Valdai Club’s Russian-Chinese conference in Shanghai is over, but the dialogue between the two countries continues. Many participants in the Shanghai event said that the Club is a great platform to cooperate and communicate directly. While speaking at the closing ceremony of the conference, Chairman of the Board of the Foundation for Development and Support of the Club Andrey Bystritskiy pointed out that the presentations and discussions demonstrated sincerity of the experts and their ability to openly discuss the most important issues of bilateral relations along with those of world development. Which means that the dialogue is ongoing.

On April 26, two sessions of the conference were held. The first one, open to the media, was dedicated to the problem of mutual perception of the elites, media and society of China and Russia. In particular, it was stressed that the modern media space is dominated by the Anglo-Saxons discourse.

“The difficulties of translation”, i.e. the lack of specialists able to translate from Russian to Chinese (and vice versa), have led to the fact that Chinese media cannot receive information about its neighbour from independent sources, being forced to shape the view of its “strategic partner” via the Western media. Which, according to the apt expression of Sheng Shiliang, Senior Research Fellow at Xinhua News Agency’s Global Challenges Studies Center, “do not lie, but make up the truth”.

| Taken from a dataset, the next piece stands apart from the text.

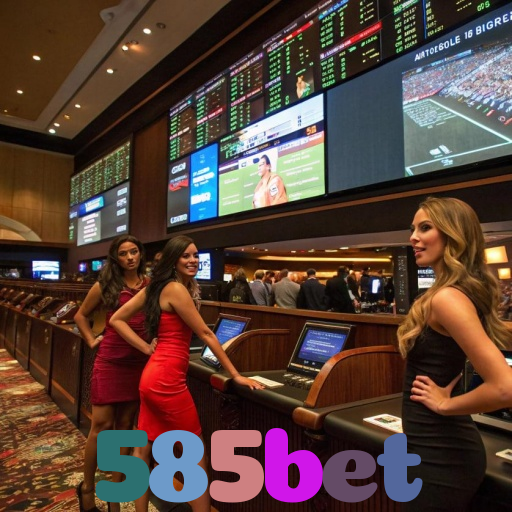  585bet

In his exclusive interview with Sheng Shiliang said that although Russia and China are strategic partners, one has to admit that the two peoples are very different. “The Chinese like even numbers, the Russians like odd ones, the Chinese like red, the Russians prefer blue, the Chinese are deductive, and the Russians are inductive. But since we are neighbors, strategic partners, we need to get to know each other better”. The expert suggested thinking about creating a kind of “cohesion strategy” for non-Western countries, which would help overcome the language barrier.

In a more optimistic way, some participants in the session outlined that the influence of the West on the Russian media is declining. Alexey Volin, Deputy Minister of Telecom and Mass Communications of the Russian Federation, called it the result of the Western awkward policy that rejects the principles and the very foundations of journalism.

Andrei Bystritsky stressed that the dominance of the Western media in Russia and China is no longer in question, and the two nations even launched an offensive in the information space.

However, both “optimists” and “pessimists” ended with the conclusion that while the relations with the West are becoming more complicated, Russia and China must update the information exchange system. So far, it only works at the state level, and not very efficiently. The ordinary people are left to interpret information in their own way in the situation of the “Western hegemony” in the media.

The conference’s sixth session was held under the Chatham House Rule. Speakers discussed the role of traditional culture in the modern world and relations between Russia and China. In modern China, culture is not a residual thing, it plays a certain role in politics and in international relations, being important not only for cultural studies, but also for understanding modern politics and China’s role in world affairs.

Here again we face “the difficulties of translation”, but in a broader sense. As was noted by experts, in order to understand the Chinese politics one has to understand not only Confucius, but also Marx and Mao Zedong. Such richness and diversity of its culture even makes it difficult to understand. At the same time, as some speakers suggested, China knows and understands Russia better than Russia knows and understands China.

However, it is important that cultural differences do not cause hostility. Mediators are needed to help the societies of China and Russia to understand each other. In addition, it is necessary to develop a common political and information language. As some participants in the conference noted, the Valdai Club, which conducts “direct, open talks, not constraining anyone, as it usually happens in politics” (as was said on the sidelines of the event by Fu Yanjie, Secretary General of the Union of Chinese Entrepreneurs in Russia), can make a valuable contribution.